====== Extracted entries

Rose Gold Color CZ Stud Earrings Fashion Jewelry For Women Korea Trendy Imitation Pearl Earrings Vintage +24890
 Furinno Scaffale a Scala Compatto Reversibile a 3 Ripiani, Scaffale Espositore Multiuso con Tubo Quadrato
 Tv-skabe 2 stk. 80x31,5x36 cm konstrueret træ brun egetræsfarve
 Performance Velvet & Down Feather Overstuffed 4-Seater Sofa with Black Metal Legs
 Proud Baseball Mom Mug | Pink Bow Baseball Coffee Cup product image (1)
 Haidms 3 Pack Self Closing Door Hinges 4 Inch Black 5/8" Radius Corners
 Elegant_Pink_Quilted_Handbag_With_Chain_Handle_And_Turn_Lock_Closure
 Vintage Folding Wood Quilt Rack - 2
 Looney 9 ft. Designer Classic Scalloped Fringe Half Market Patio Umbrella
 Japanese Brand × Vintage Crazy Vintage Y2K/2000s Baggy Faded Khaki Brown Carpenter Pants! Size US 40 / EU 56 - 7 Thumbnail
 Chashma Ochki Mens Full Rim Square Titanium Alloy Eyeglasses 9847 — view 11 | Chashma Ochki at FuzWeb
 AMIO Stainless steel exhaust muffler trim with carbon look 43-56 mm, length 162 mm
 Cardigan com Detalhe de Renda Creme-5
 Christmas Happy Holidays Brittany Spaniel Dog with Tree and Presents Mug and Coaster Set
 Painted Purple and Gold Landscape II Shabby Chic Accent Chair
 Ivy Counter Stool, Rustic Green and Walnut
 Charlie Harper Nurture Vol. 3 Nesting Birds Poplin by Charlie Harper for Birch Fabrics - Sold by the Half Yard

============

Task statement » Look over the listing above and copy each line that contains "Gold".

Reply to the exercise »
Rose Gold Color CZ Stud Earrings Fashion Jewelry For Women Korea Trendy Imitation Pearl Earrings Vintage +24890
 Painted Purple and Gold Landscape II Shabby Chic Accent Chair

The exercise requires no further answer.